| Brief |
Quote exactly and only this range of lines in the data below: the line that holds "Honda Accord EX-L V6 Coupe AT 2013" to the line that holds "Image 2 : HONEYWELL", both included.

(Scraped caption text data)
======
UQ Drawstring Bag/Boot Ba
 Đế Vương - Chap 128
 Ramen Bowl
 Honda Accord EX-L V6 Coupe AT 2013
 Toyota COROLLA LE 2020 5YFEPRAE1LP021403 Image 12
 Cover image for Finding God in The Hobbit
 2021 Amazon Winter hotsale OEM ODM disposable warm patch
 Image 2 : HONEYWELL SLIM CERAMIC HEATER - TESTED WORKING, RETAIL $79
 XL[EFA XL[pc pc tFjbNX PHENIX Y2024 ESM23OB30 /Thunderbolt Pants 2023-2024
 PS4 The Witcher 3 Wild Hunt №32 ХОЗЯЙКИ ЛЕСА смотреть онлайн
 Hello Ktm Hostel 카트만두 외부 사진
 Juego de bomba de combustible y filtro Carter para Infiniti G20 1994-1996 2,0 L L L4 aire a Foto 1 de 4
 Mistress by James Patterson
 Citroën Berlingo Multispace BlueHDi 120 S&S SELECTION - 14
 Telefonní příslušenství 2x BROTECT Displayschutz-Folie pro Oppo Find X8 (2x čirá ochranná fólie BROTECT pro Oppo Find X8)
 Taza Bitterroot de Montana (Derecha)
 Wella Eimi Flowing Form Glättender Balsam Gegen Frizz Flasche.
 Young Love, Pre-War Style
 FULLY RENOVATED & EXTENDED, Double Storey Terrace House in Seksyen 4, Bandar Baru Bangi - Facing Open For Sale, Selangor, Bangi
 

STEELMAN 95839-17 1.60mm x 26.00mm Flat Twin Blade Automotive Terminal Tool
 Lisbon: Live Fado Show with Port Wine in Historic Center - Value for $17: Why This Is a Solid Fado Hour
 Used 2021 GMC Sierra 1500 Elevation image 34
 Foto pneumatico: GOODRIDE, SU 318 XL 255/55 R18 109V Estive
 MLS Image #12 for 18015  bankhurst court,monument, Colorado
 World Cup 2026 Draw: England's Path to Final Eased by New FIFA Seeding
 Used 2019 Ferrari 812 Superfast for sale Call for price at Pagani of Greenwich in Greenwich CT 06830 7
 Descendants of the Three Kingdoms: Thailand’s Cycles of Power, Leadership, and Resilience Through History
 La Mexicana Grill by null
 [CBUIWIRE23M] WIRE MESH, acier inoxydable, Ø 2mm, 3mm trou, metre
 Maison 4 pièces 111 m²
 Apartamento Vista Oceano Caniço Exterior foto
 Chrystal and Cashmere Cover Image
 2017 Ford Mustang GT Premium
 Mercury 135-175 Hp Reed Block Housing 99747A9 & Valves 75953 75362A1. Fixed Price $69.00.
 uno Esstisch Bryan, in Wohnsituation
======
| Solved exercise |
 Honda Accord EX-L V6 Coupe AT 2013
 Toyota COROLLA LE 2020 5YFEPRAE1LP021403 Image 12
 Cover image for Finding God in The Hobbit
 2021 Amazon Winter hotsale OEM ODM disposable warm patch
 Image 2 : HONEYWELL SLIM CERAMIC HEATER - TESTED WORKING, RETAIL $79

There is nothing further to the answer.